Arthur Griffith died of a heart attack, or stroke, in Dublin on 12 August 1922. He was only 51 and had given a lifetime of service to his country at huge personal cost. To mark the centenary of his death we recall an important contribution from Richard Barry (1880–1978) in 1970 where he set out some of the cultural history of Tullamore in the period before the Rising and the War of Independence. Barry was greatly influenced by the writings of Arthur Griffith in the United Irishman and also by the earlier contributions of William Rooney (1873–1901). Rooney met Griffith probably in 1888 and both were members of the Parnellite Leinster Literary Society, and after 1892 of the Celtic Literary Society. When the United Irishman was launched in 1899, with Griffith as editor, William Rooney was the main contributor and, working together, developed Sinn Féin policy. Rooney’s early death at the age of 27 was a devasting blow to Griffith. William Murphy in the short life of Rooney in DIB cites Michael Collins as describing Rooney in terms normally associated with John the Baptist: ‘Rooney spoke as a prophet. He prepared the way and foresaw the victory’ (Path to freedom, 150).

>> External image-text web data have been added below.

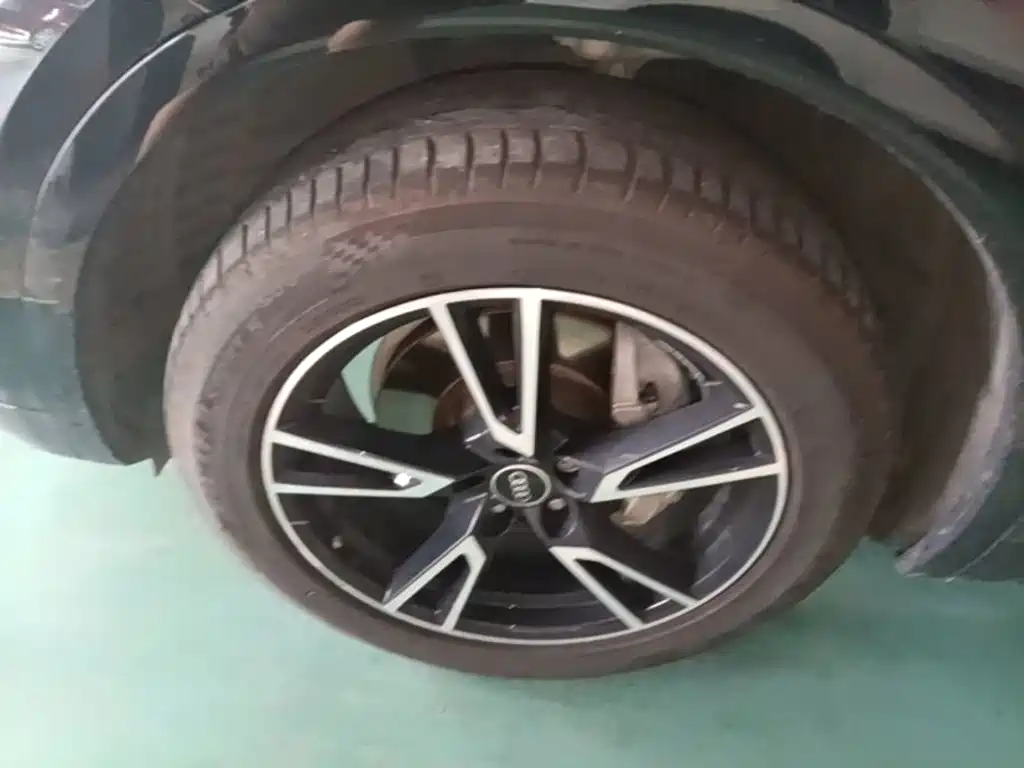 Фото 23 - Audi Q5L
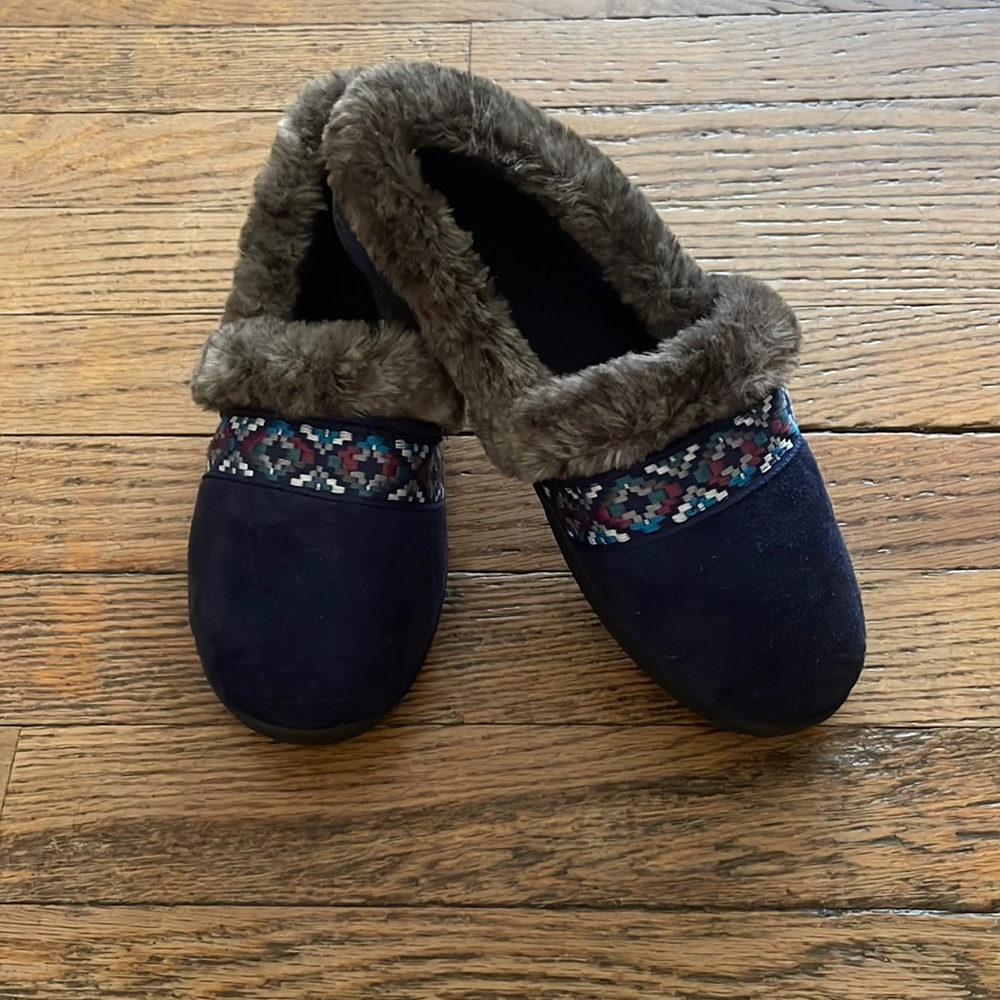 Isotoner Navy Blue Microsuede Slippers  6 1/-7 NWOT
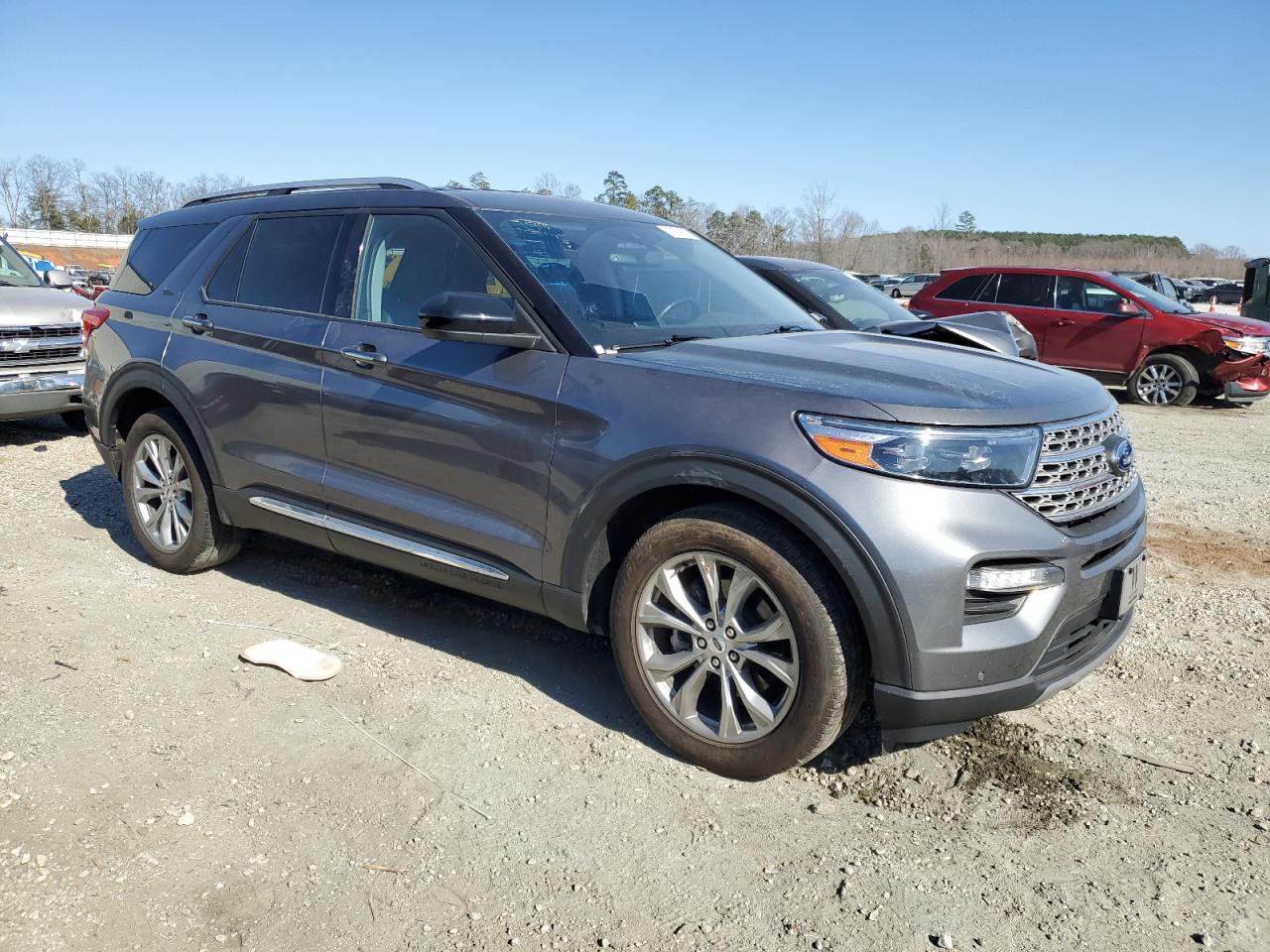 2023 Ford Explorer - Image 4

Some of the more recent contributions to the narrative of the 1912–23 period, such as that of Ferriter and Dolan, have looked at the personal histories of the combatants and less at causation and the course of the military campaign (Hopkinson and Laffan). Others such as Foster (and earlier Thompson) examined the cultural background for what role it played in the mind-set of the young revolutionaries. These approaches can be combined in the context of at least one Tullamore family that of Barry of Earl Street, now O’Moore Street, Tullamore. Here two sons of Richard Barry, Richard jun. (Dick) and John (Sean) each played a significant role – Richard on the cultural side and Sean as a soldier Volunteer. We looked at Sean Barry’s role in the War of Independence in an earlier blog.
Richard Barry, the Thurles-born smith-nail maker, and old Fenian, lived in 1901 in O’Moore Street. In the house on census night were Barry with his wife, four children, and four boarders, all Roman Catholic. This included young Richard Barry (20) then a temporary clerk with the lately established county council. His stepbrother John was three and their father was 50 and mother 40. Richard jun., with one of the boarders, spoke Irish and English, while their father made a mark over his name. Richard Barry senior was a widower who had remarried and three of the boarders were children of his first marriage. The family were ten in all, living in four rooms.
By 1911 there were only five in the house on census night of which John (Sean) was one. Richard Barry was born in 1880, emigrated to the United States in 1904 and died in New York in 1978. Sean Barry (1899–1931) remained at home and was very active in the War of Independence. He suffered bad health as a result and died in 1931 at the age of 32.
Richard (Dick) Barry was a pioneer in the Irish Ireland movement in Tullamore and his letter, written in 1970, wonderfully evokes the scene in the pre-Volunteer days. Dick Barry was able to write of the period pre-1904 and of the young men of the town in the late 1890s. Their literary society, as he observed, gave way to the Gaelic League, which was founded in Tullamore in 1902.
I wish to record thanks to the late Tom Lawless, Tullamore and to Hugh Digan of Spollanstown, Tullamore for assistance with this letter. The bold emphasis, footnotes and square brackets have been added by me.
Dec 3rd 1970
Sally called me up some time ago and asked me to give you an account of how the Gaelic language movement started in Tullamore. Of course we had no Gaelic in the national schools and we were brought up in total ignorance of Ireland’s history and language. At the end of the Catechism of the Diocese of Meath there were some prayers in Gaelic but we were never told what they were. The idea behind National Education System was to make us “happy English children”. It nearly succeeded and the whole country was being turned into West Britain and we were West Britons or “Shoneens”.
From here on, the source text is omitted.